Congress needs to enact Orphan Works legislation, and well-endowed charitable foundations need to step up to the plate to fund infrastructure for decentralized access to digitized books, says cultural historian and Harvard University Library Director Robert Darnton in a new essay in the New York Review of Books.

Darnton points to a European Union digital library effort called Europeana as a pioneer of access to digital libraries of books.
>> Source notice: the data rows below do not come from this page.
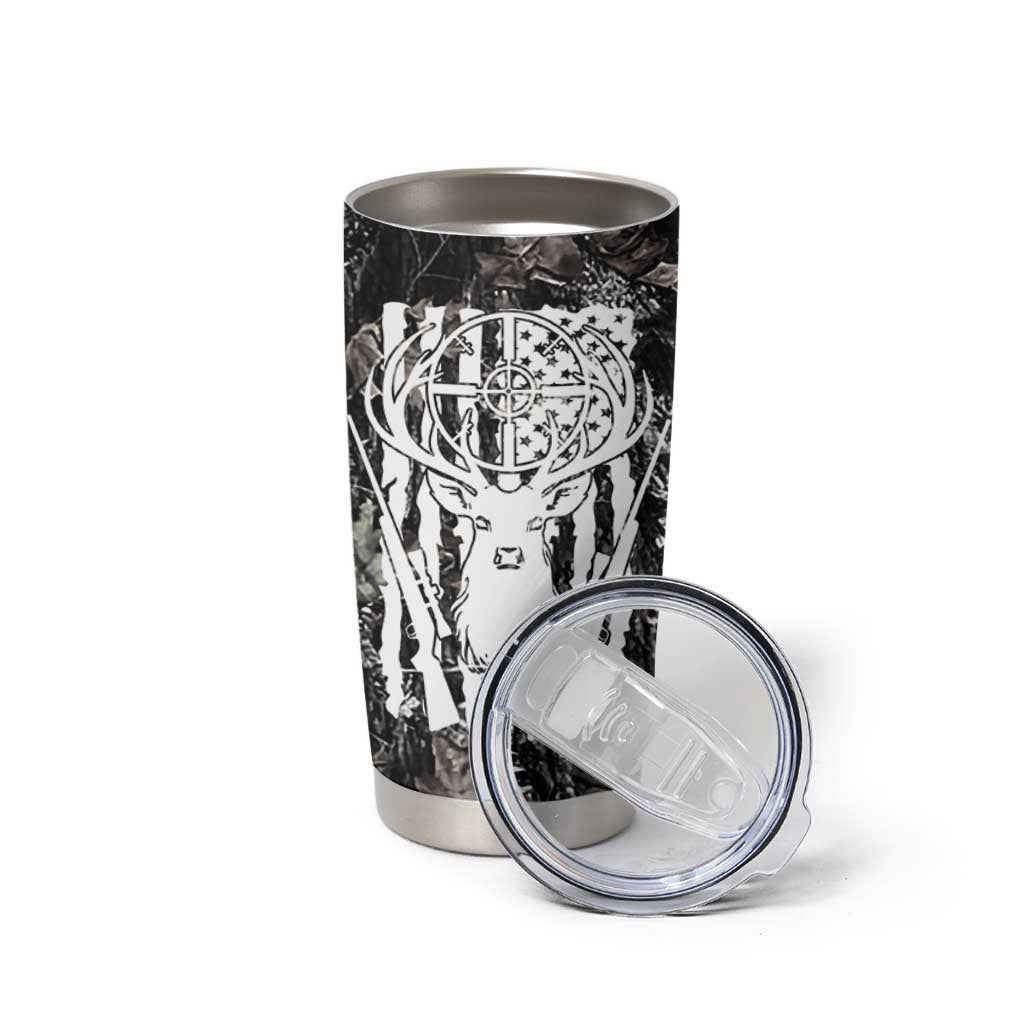 Funny Hunting Tumbler Cup Camo Deer American Flag I Like Big Bucks I Cannot Lie
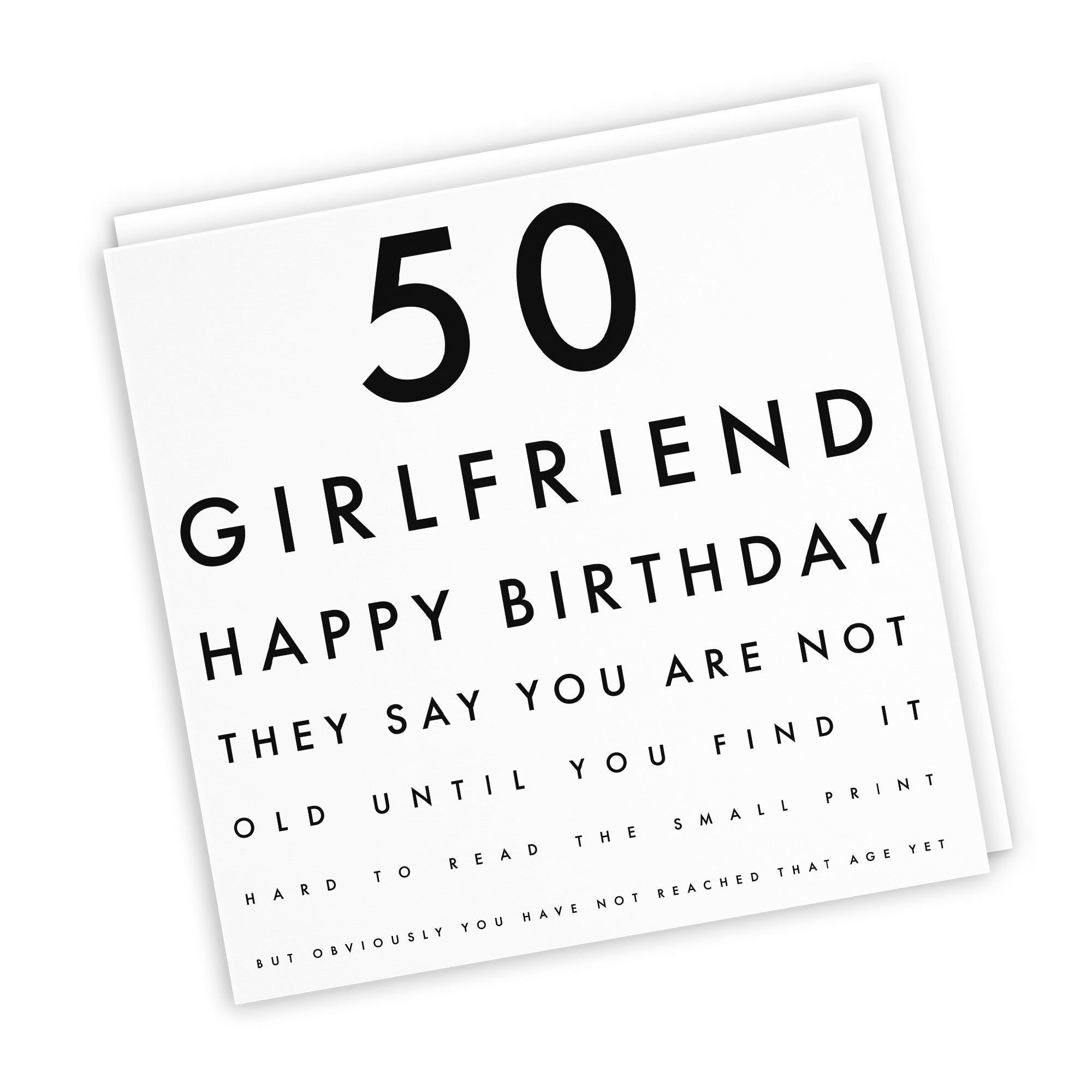 50th Girlfriend Birthday Card Funny Eye Sight Letters - Default Title (TH03169)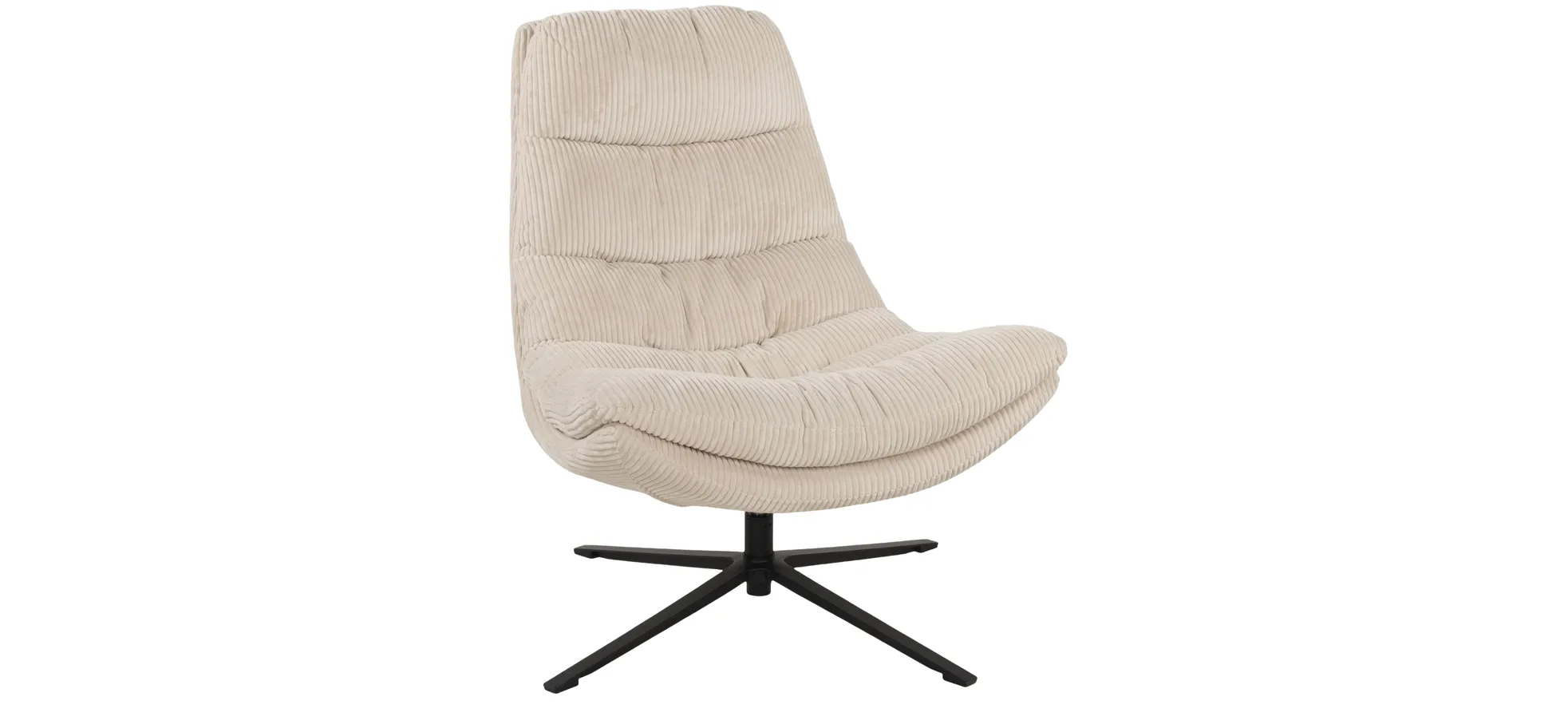 Relaxsessel mit Hocker, Cord beige - Duane
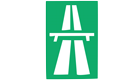 Highway sign on green background.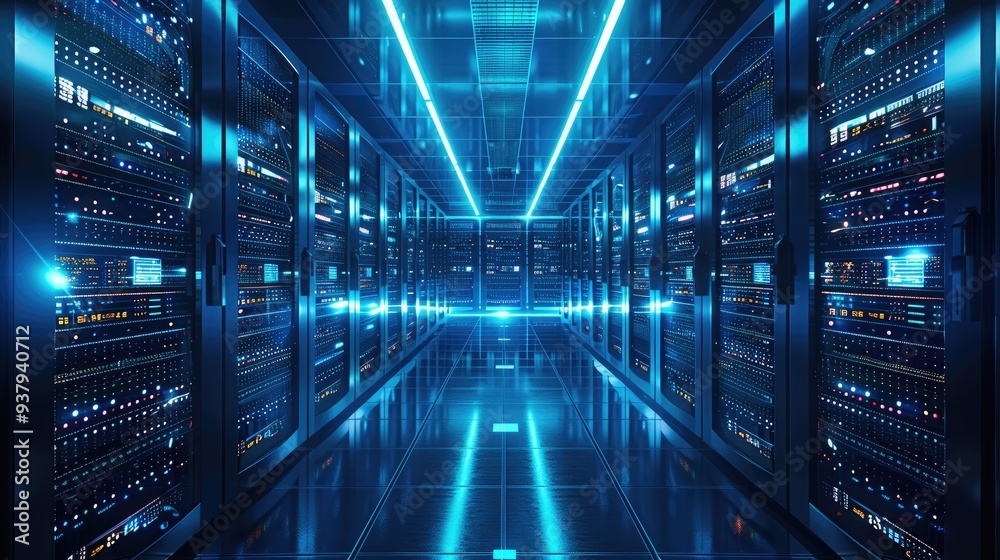 Aufkleber A modern data center with rows of servers with lots of flashing lights, with a wall display in the distance of large monitors depicting a network operations control center, blue tones. Generative AI.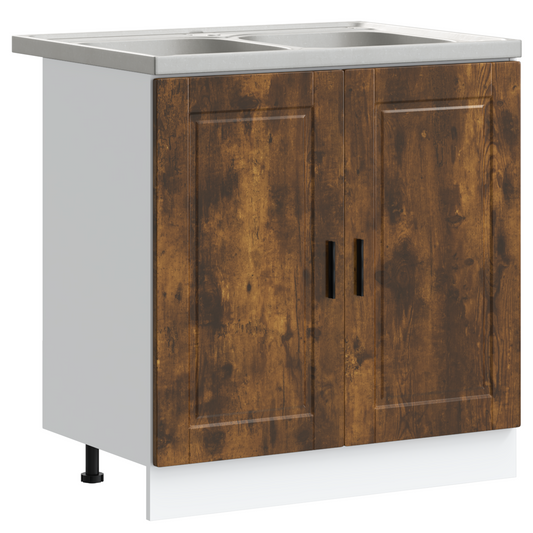 Waschbecken-Unterschrank Porto 2 pcs Braun 80 x 46 x 84.5 cm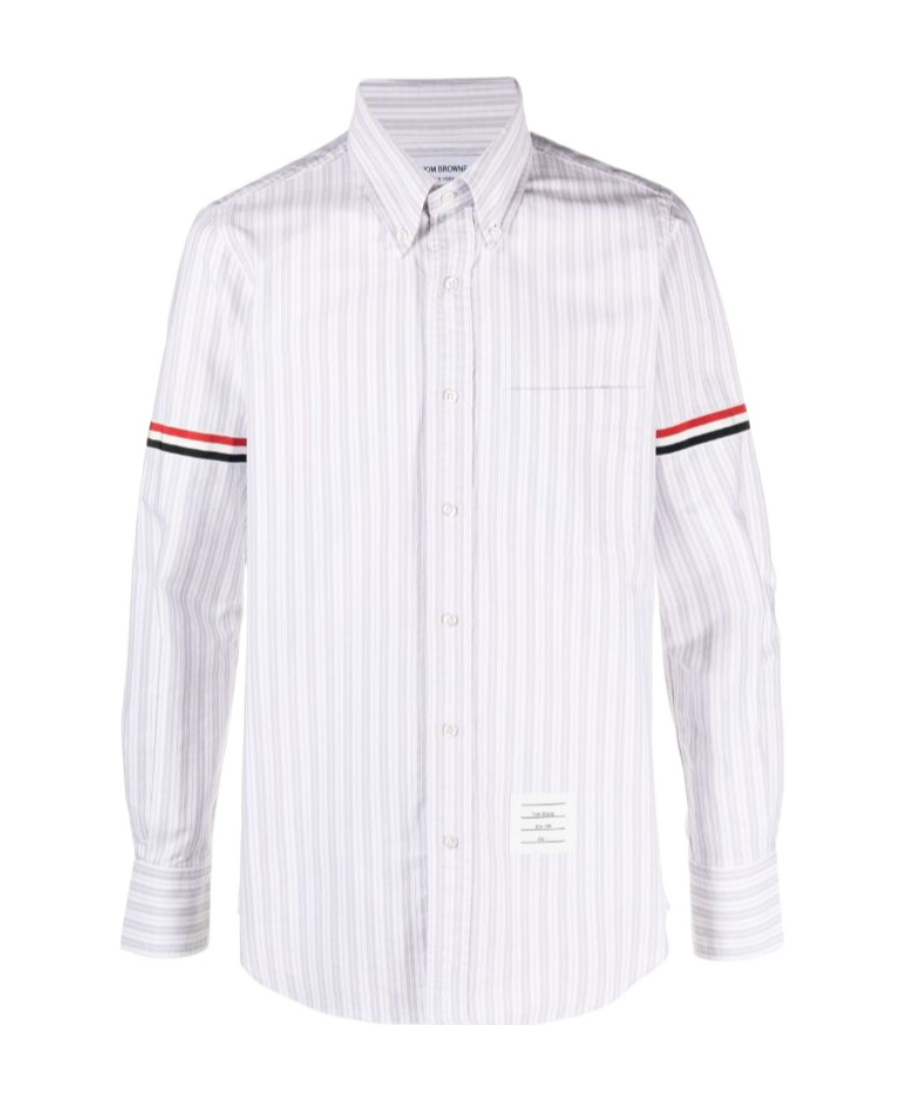 Thom Browne Grosgrain-band Striped Oxford Shirt In White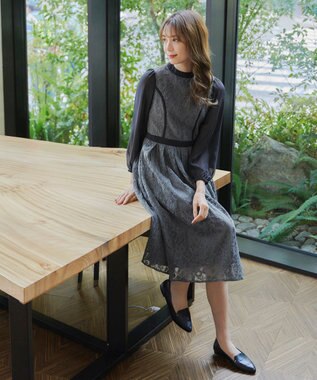 Tiaclasse 【洗える】レースコンビフレアワンピース ネイビーグレー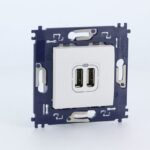 BTICINO - LL complet double chargeur USB à vis blanc - N4285C2V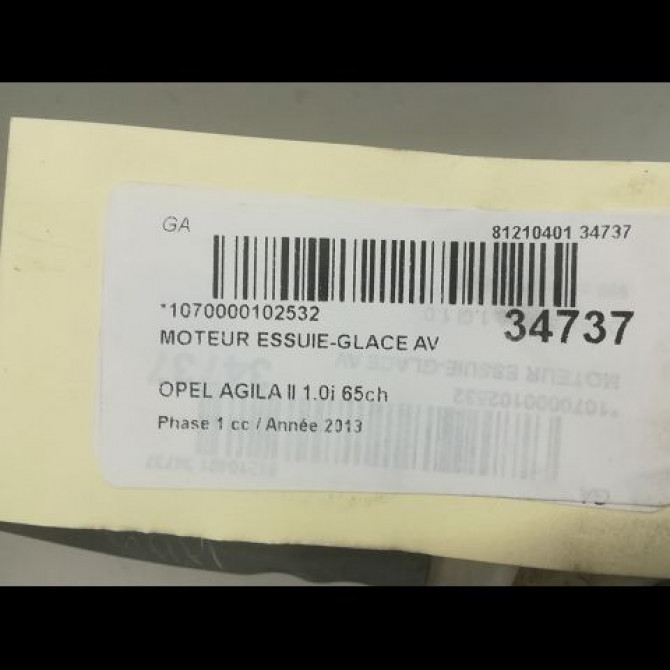 Moteur essuie-glace avant occasion OPEL AGILA II Phase 1 03-2008->12-2014 1.0i 65ch 95517285 4
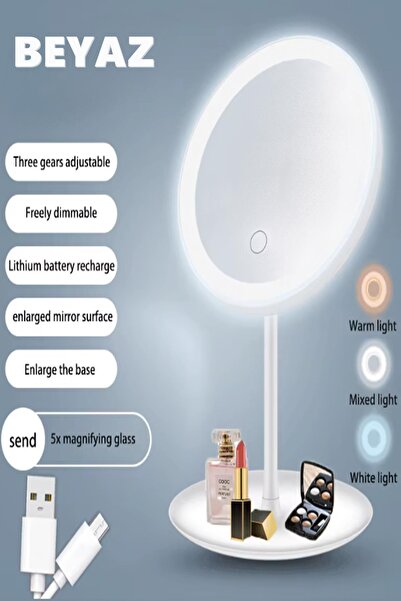 MasterCar Beyaz Renk Led Işıklı Usb Şarjlı Masa Üstü Makyaj Aynası Dokunmatik Makyaj Aynası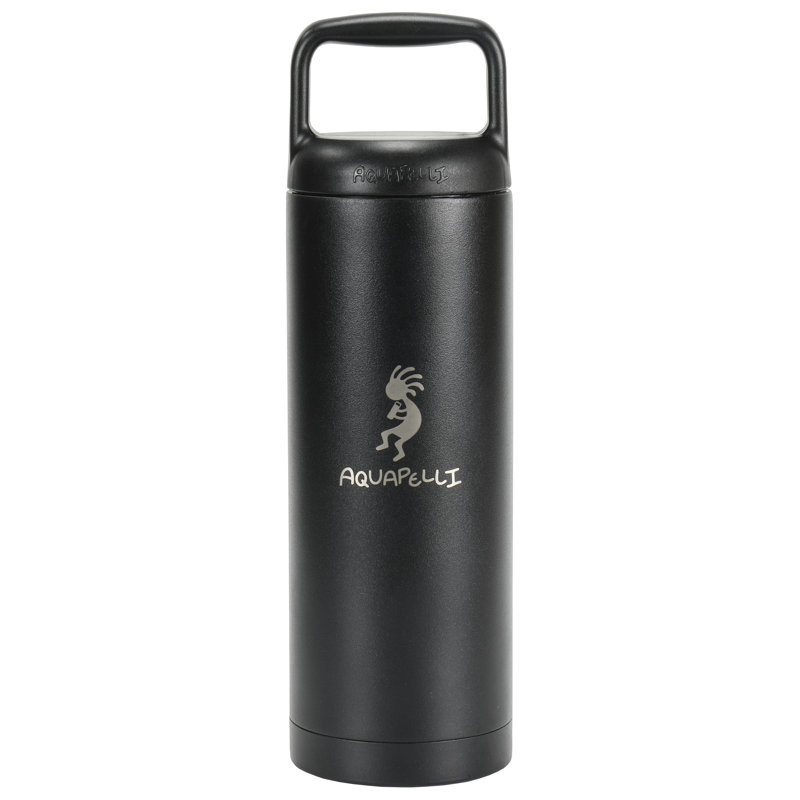 Bouteille d'eau en acier inoxydable 18 oz Aquapelli, Nuit noire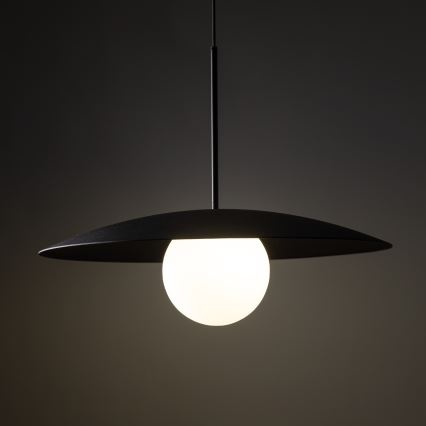 Ljuskrona med textilsladd SLATE 1xE27/15W/230V diameter 65 cm svart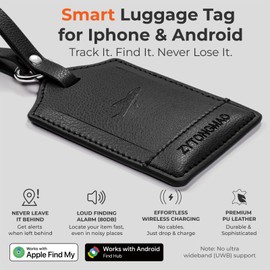Smart Luggage Tag with Built-in Tracking Card for Android & Apple Find My, Premium Leather Travel Tag with Privacy Cover, Wireless Rechargeable Anti-Lost Locator for Suitcases, Bag & Backpack Black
"Instead of accumulating collections of its own, it will function as an aggregator of aggregators -- that is, it will standardize data that flows in from providers in centralized locations, which themselves will have integrated data derived from many individual sources," he explains. "Information will therefore be accumulated and coordinated at three levels: particular libraries will digitize their collections; national or regional centers will integrare them into central databases; and Europeana will transform those databases, from 27 constituent countries, into a single, seamless network. To the users, the information will remain invisible. They will simply search for an item -- a book, an image, a recording, or a video -- and the system will direct them to a digitized version of it, wherever it may be, making it available for downloading on a personal computer or a handheld device."

Darnton acknowledges that one big task facing the architects of such a system is the creation of a systematic code of metadata among the various libraries.

Apparently, and miraculously, the staff of Europeana at The Hague has achieved that feat among the various institutions.

"Unlike Google, it will not store digital files in a single database or server farm. It will operate as a nerve center for what is known as a 'distributed network,' leaving libraries, archives, and museums to digitize and preserve their own collections in the capillary system of the organic whole," he writes.

Darnton has been a vocal, and prolific critic of the Google book settlement. He composed the essay to explain why in his view the book settlement failed, and how the worthy concept can be resuscitated.